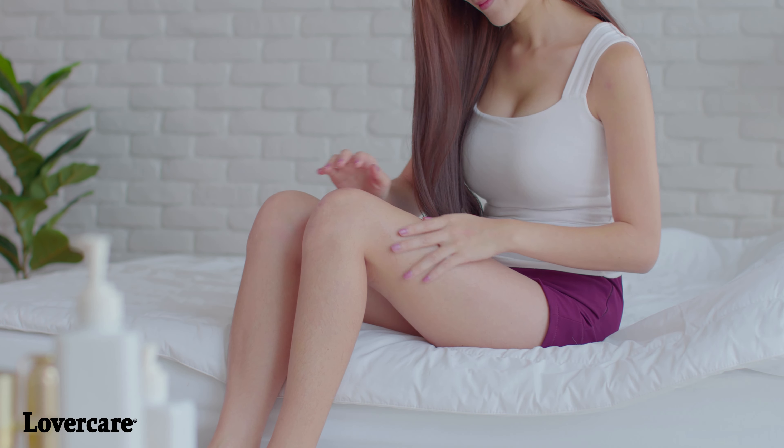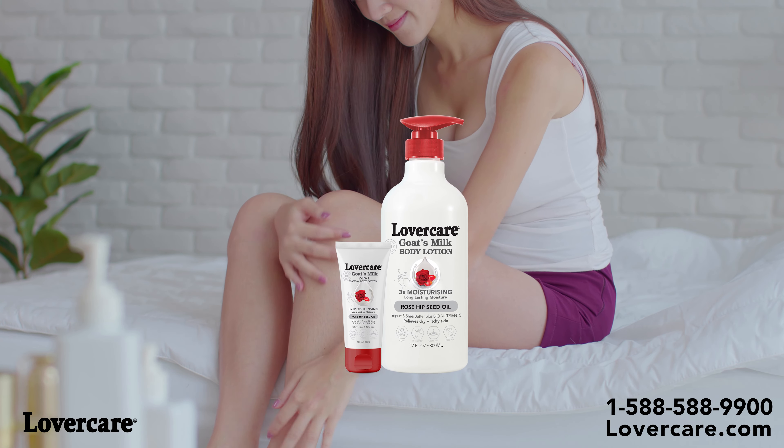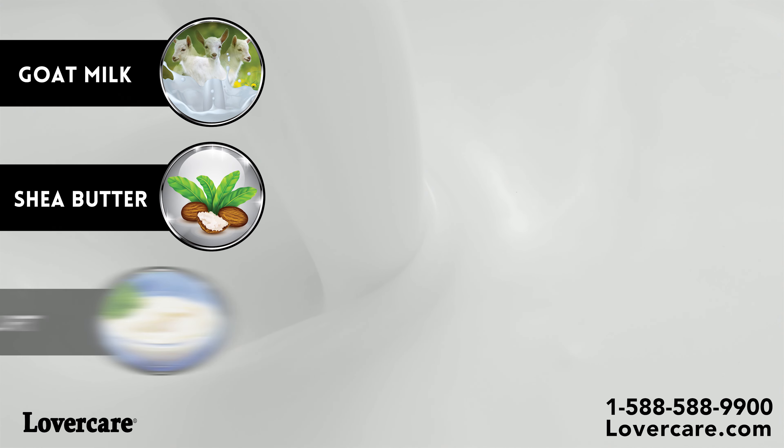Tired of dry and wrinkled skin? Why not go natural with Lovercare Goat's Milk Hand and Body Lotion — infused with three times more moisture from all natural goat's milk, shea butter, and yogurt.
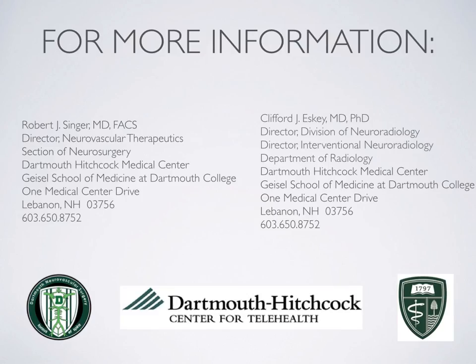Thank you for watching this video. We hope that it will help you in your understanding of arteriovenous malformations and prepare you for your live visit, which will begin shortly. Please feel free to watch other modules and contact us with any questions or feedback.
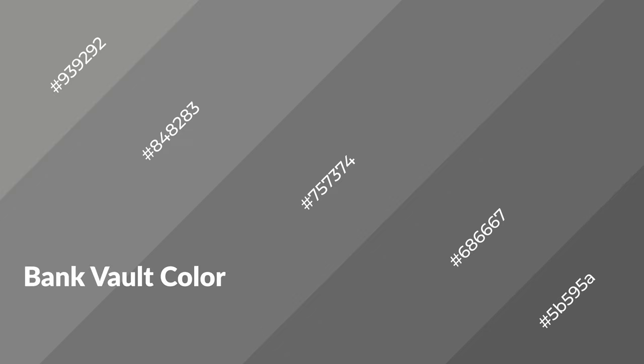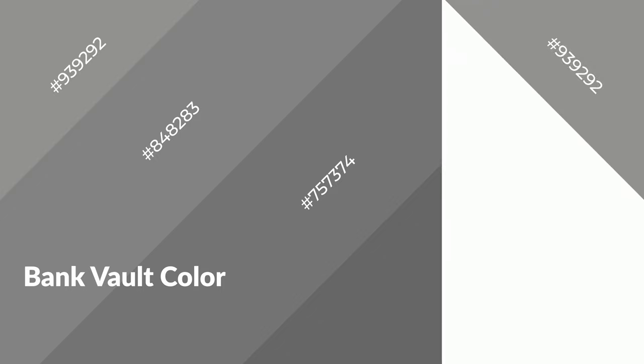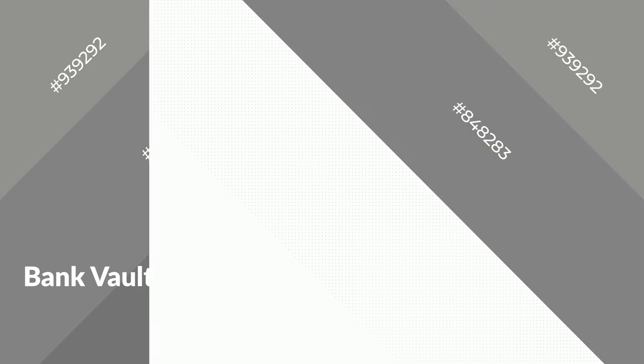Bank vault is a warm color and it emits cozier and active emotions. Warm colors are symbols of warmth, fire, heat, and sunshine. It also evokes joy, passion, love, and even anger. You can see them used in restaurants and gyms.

(Work order)
Once the line containing "Thank you for" is found, transcribe it and the rest of the lines to the end of the listing above exactly, omitting all pictures.

(Solution)
Thank you for watching this video. We hope that it will help you in your understanding of arteriovenous malformations and prepare you for your live visit, which will begin shortly. Please feel free to watch other modules and contact us with any questions or feedback.
Bank vault is a warm color and it emits cozier and active emotions. Warm colors are symbols of warmth, fire, heat, and sunshine. It also evokes joy, passion, love, and even anger. You can see them used in restaurants and gyms.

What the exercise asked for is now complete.